The Ithaca gorges aren’t the only massive divides in higher education.
Education startup Quad Learning launched today, backed by $11 million in venture capital, to bridge the gap between community colleges and four year institutions.
Quad Learning’s American Honors program supposedly helps community college students go on to earn their bachelor’s degree. Taking the “2+2” approach (which is common tactic for many in community college), students complete the first two years of their education at community colleges participating in American Honors and finish at a four-year university.
“Over the past five to 10 years, there has been a flood of high-achieving, traditional college age students to community colleges,” said CEO Phil Bronner in a Q&A. “These students have been priced out of four-year college and turn to community college as the affordable alternative. Quad Learning helps community colleges build and scale honors programs through a mix of financing and dedicated capabilities. It enters the market as the demand for affordable honors education continues to grow and outstrip supply.”

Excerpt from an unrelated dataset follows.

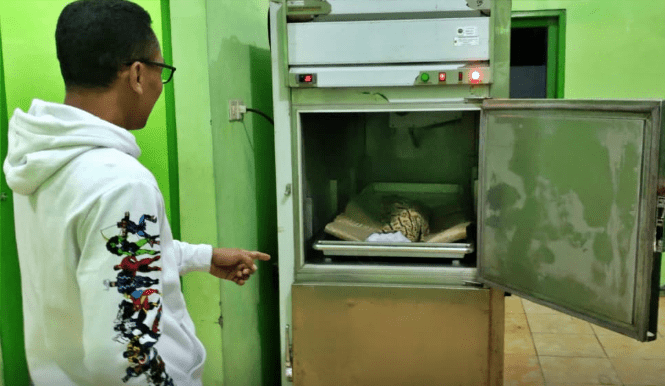 NEWS: Kanit Reskrim Polres Blora saat mengecek jenazah bayi (2/2/2020)-(Foto-Istimewa)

The costs of higher education are prohibitively high for a significant portion of Americans, and yet many community colleges and online education programs do not offer a comparable alternative. Quad Learning estimated that by participating in American Honors, students obtain bachelor’s degrees for 35 percent to 40 percent less than the cost of a traditional four-year program.

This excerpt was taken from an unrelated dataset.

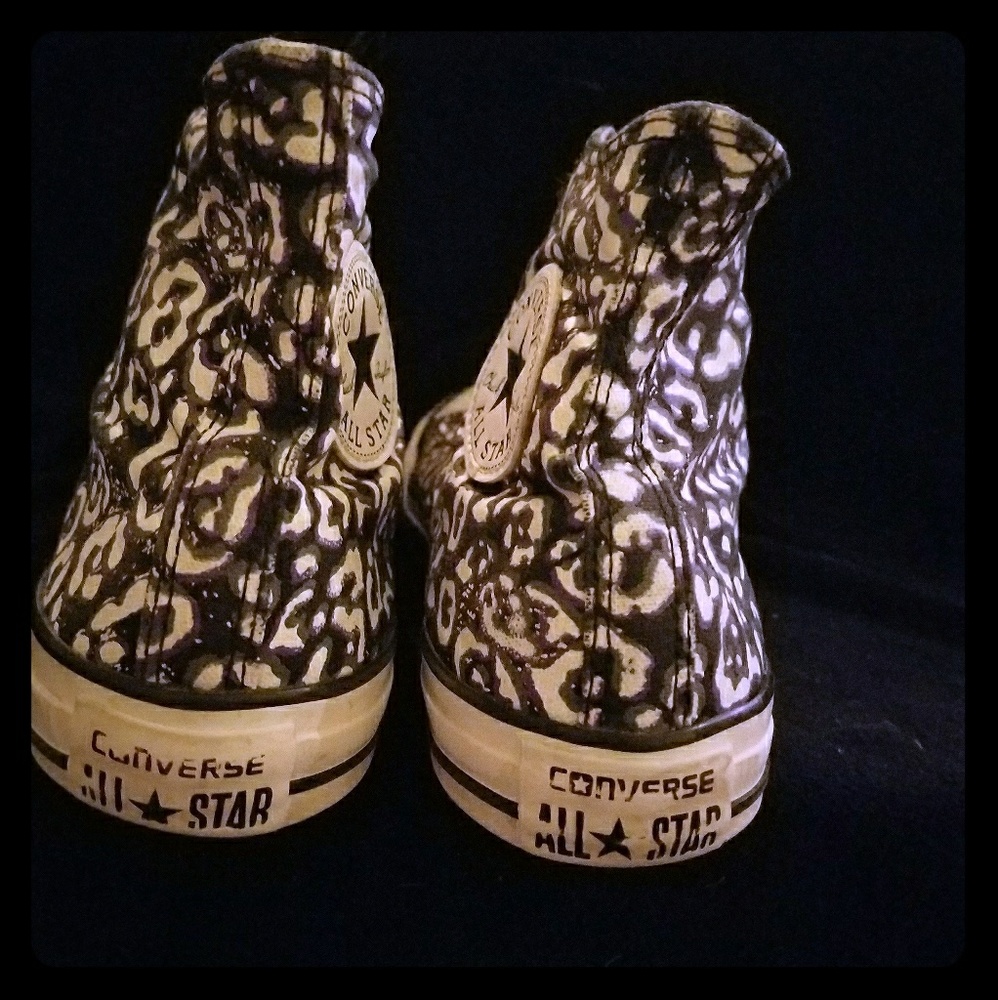 Shoes - Picture 3 of 4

The platform delivers seminar-style classes in a virtual classroom led by qualified professors. American Honors also offers advisory and support systems for course planning, career exploration, and more to help student make a seamless transfer between community college and more rigorous curricula. The company partners with community colleges to create the curriculum and keeps all the elements of a student academic life into one place.

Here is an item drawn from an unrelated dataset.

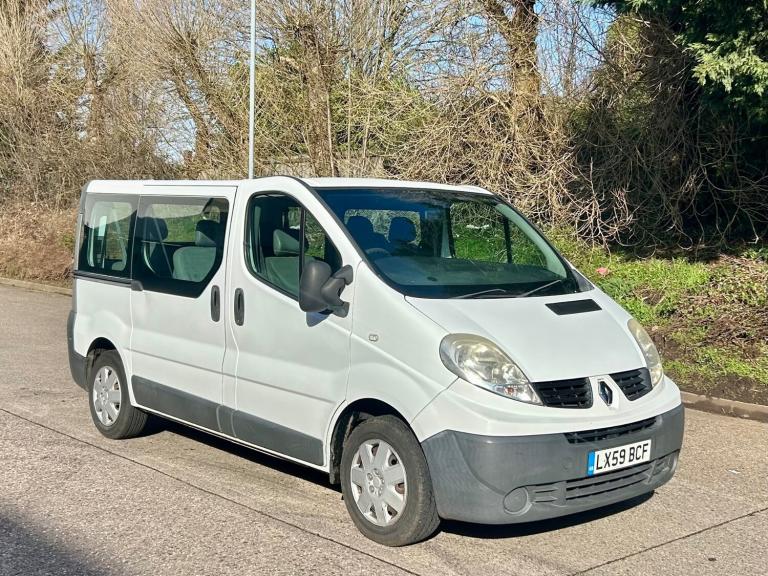 2009 Renault Trafic 2.7T 2.0 SL27dCi 115 Quickshift6 Auto 8 Seater Minibus  MPV Diesel Automatic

Tuition costs have skyrocketed over the past 30 years, and the total student loan debt is more than $1 trillion. Inside Higher Ed estimates that community college serve more than 40 percent of all undergraduate students in America. For those students who can’t afford to attend any college or university, Massively Open Online Courses (MOOCs) like Udacity, Coursera, and Khan Academy provide lower-cost education opportunities and classes in specific skills, like web development or design. These forms of learning are ideal in some cases, but not for students looking to be immersed in a community of learners and educators. American Honor seeks to “preserve the social and motivational scaffolding of traditional college.”
For this unique approach to opening up access to education, Quad Learning received financial support from Swan and Legend Fund, New Atlantic Ventures, New Enterprise Associayes, Comcast Ventures, and others. Quad Learning was founded in 2011 and is based in Washington D.C. So far, it has partnered with Community College of Spokane and Ivy Tech Community College in Indiana, and this $11 million will contribute to expanding nation wide.